In Burns v. Morton, 134 F.3d 109, 113 (3d Cir. 1998), our Court of Appeals held that a federal prisoner's § 2255 motion "is deemed filed at the moment he delivers it to prison officials for mailing to the district court." Hence, if Mr. Perez-Diaz had deposited his motion in the "postal box at the Clinton Correctional Facility Annex" on January 20, 2005, his § 2255 motion would be timely under the "prison mailbox rule."
Mr. Perez-Diaz's declaration that his § 2255 motion was deposited in the mail on January 20, 2005, is further undermined by his citation to other cases decided after January 20, 2005.See Dkt. Entry 27, at 6 (citing Humphress v. United States, 398 F.3d 855 (6th Cir., Feb. 25, 2005); Varela v. United States, 400 F.3d 864 (11th Cir., Feb. 17, 2005); McReynolds v. United States, 397 F.3d 479 (7th Cir., Feb. 2, 2005);United States v. Crosby, 397 F.3d 103 (2d Cir., Feb. 2, 2005)).
It is apparent that Mr. Perez-Diaz backdated his affidavit of service in an effort to deceive the Court into concluding his motion was timely filed. Assuming that Mr. Perez-Diaz deposited his § 2255 motion in the "postal box at the Clinton Correctional Facility Annex" on March 10, 2005, the earliest possible date, his motion is plainly outside the one-year limitations period and, therefore, untimely.
In its motion to dismiss, the Government butresses its position by suggesting that the typed date on the § 2255 motion's affidavit of service was altered because of inconsistent spacing before and after the word "January." (See Dkt. Entry 32, at 2-3 n. 1.) This Court agrees that the spacing before and after the word "January," specifically the additional spacing between the words "of" and "January," and between the word "January" and the comma that immediately follows (see Dkt. Entry 27, at 14), warrants an inference that the date was altered. This inference is strengthened when the spacing is viewed in conjunction with the citation to Ballard.

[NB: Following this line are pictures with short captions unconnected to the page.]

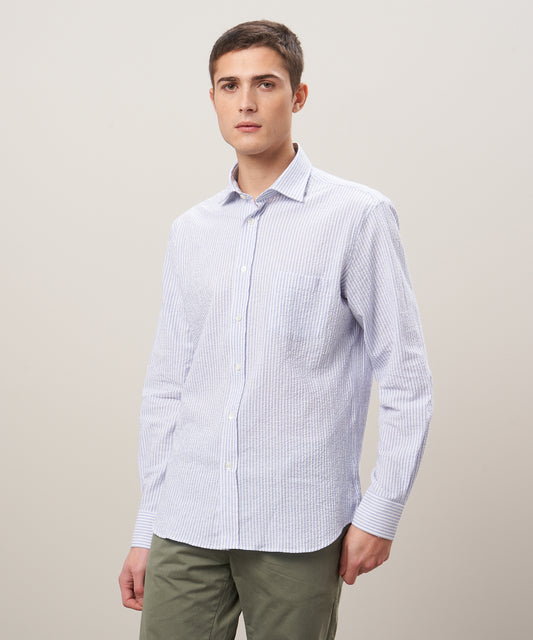 Hartford Paul Blue/White Stripe Seersucker Button Up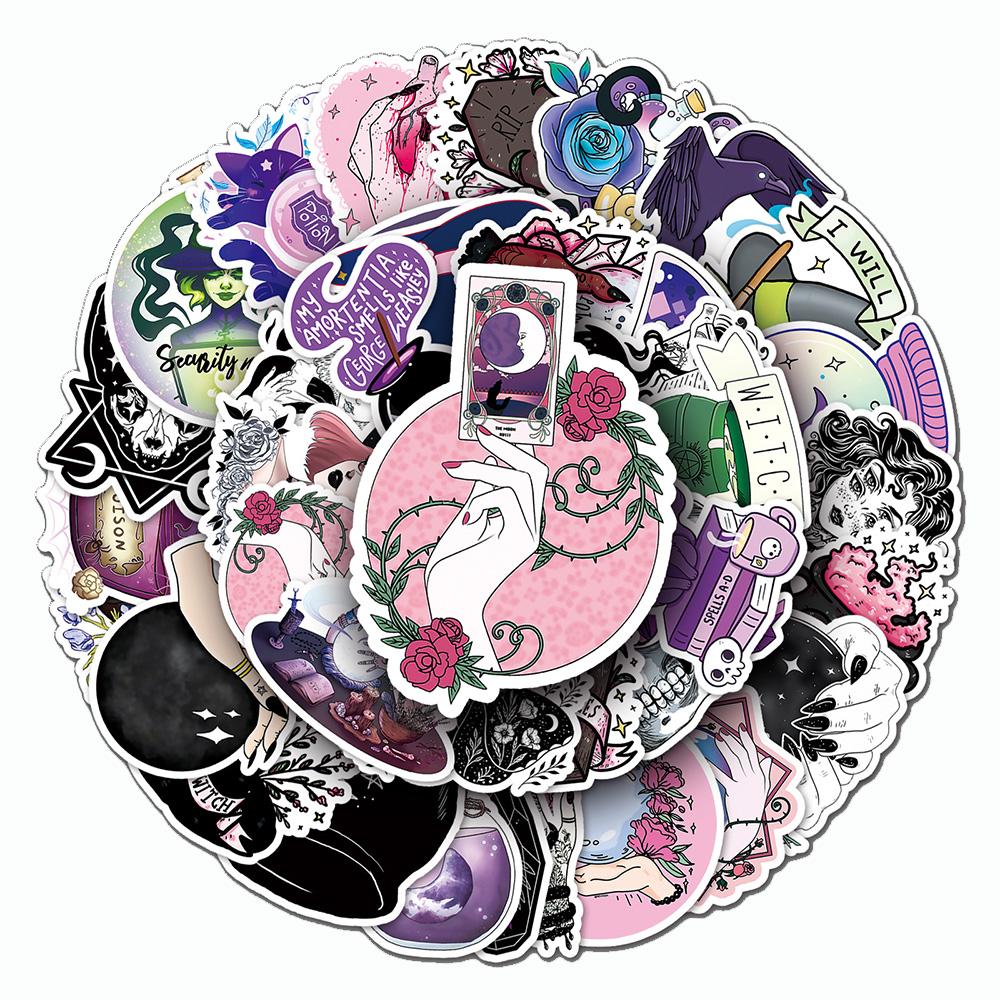 10/30/50pcs Gothic Witch Cartoon Stickers Magic Apothecary Cartoon Decals DIY Laptop Phone Notebook Vintage Graffiti Sticker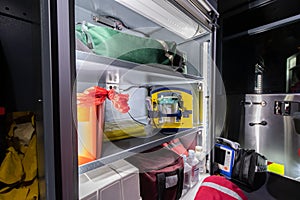 Medical supplies in fire truck.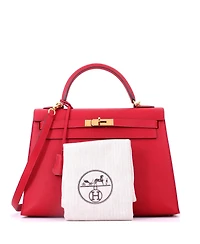 Pre-Owned HERMES Kelly 32 Handbag Red Epsom with Gold Hardware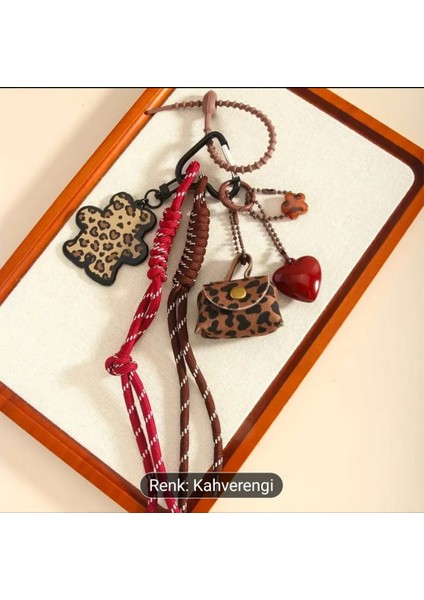 Leopar Ayıcıklı Leopar Çantalı Kalpli Kulplu Çanta Charmı fırsatları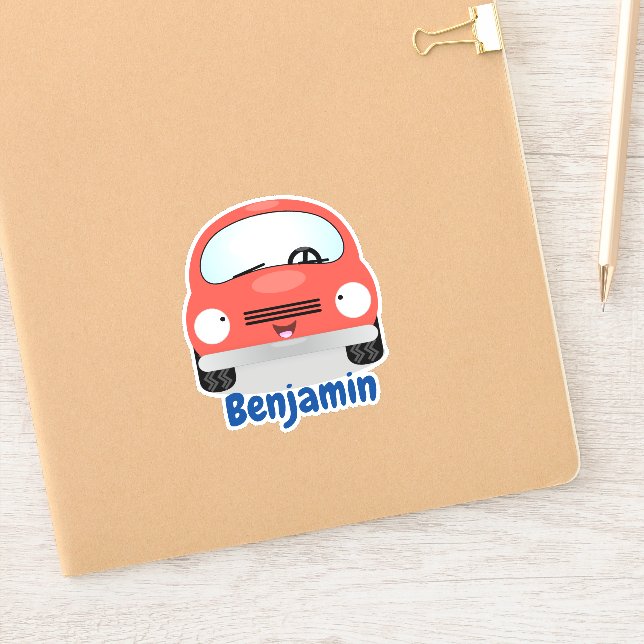 Pegatina Ilustracion de personalizado de coches rojos Cute  (Cuaderno)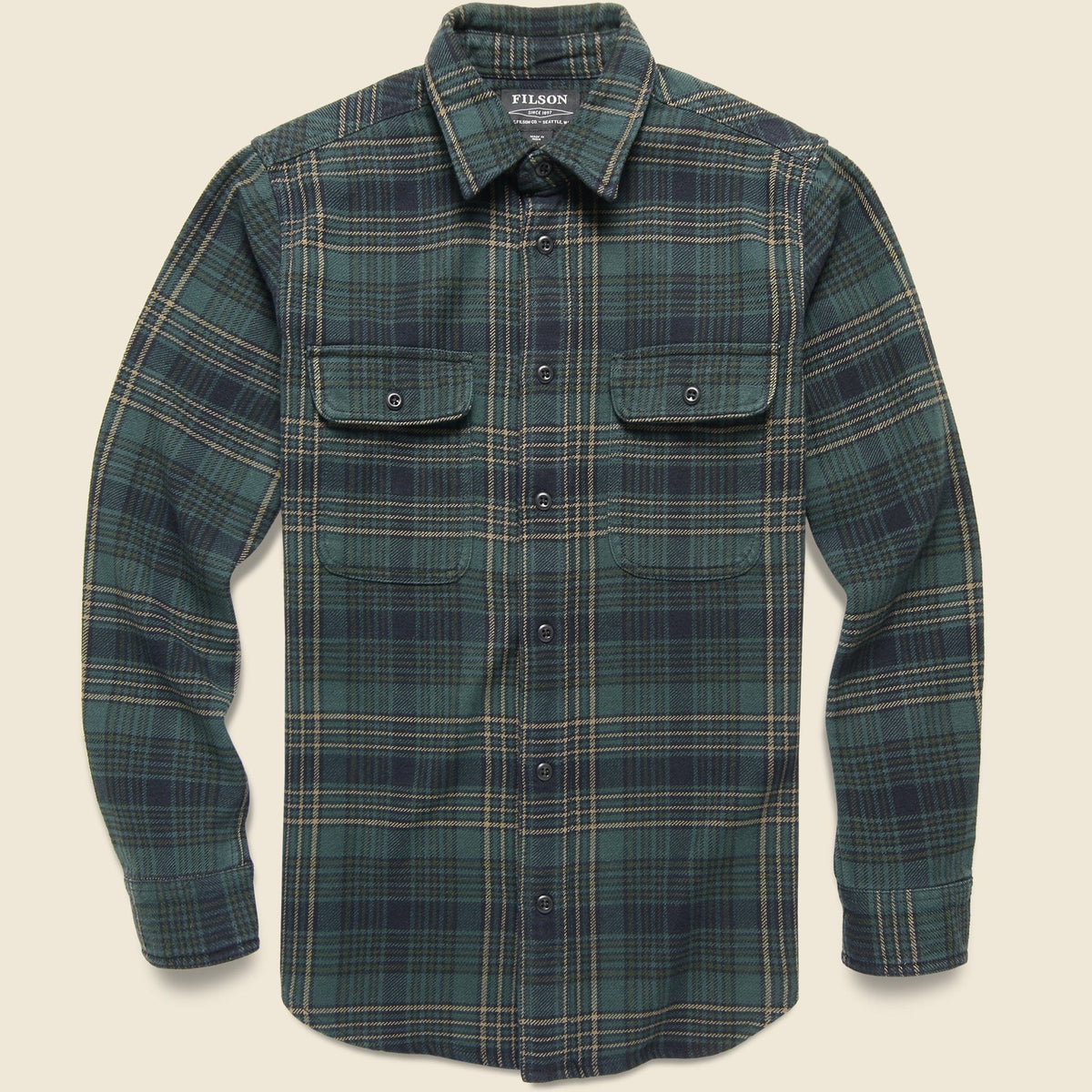 Vintage Flannel Work Shirt - Green/Olive/Black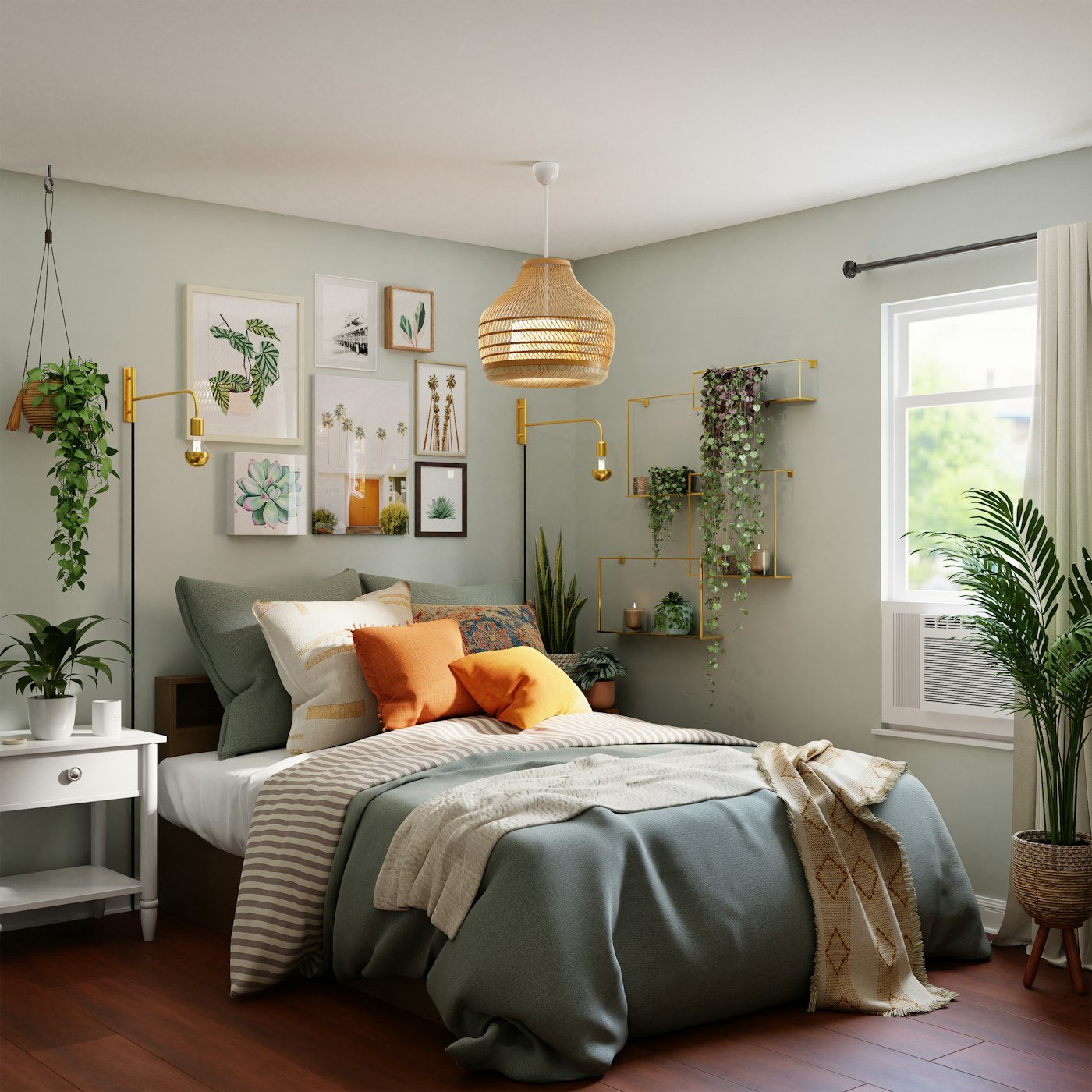 Quarto com cabeceira de madeira, apoio lateral e uma composição acolhedora.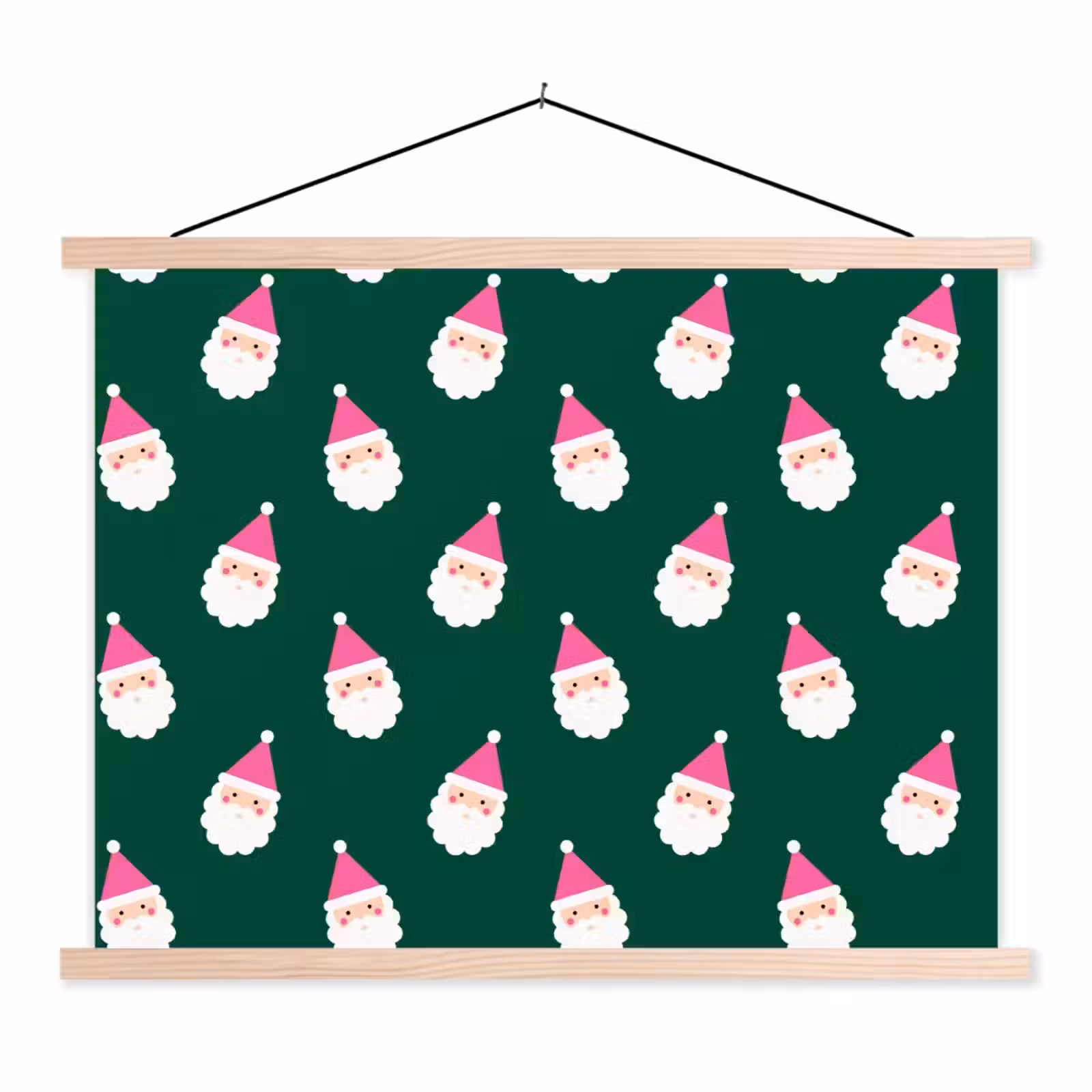 Stoffbild - Weihnachtsmann – Weihnachten – Grün – Rosa — 1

ACCORDINGLY IT IS HEREBY ORDERED THAT:
1. The Government's motion to dismiss (Dkt. Entry 32) is GRANTED.
2. Defendant's Motion to vacate or correct his sentence (Dkt. Entry 27) is DENIED.
3. The Clerk of Court is directed to mark the related civil action (No. 3:CV-05-2052) CLOSED.
4. There is no basis for the issuance of a certificate of appealability. An appeal from this Order shall be deemed frivolous.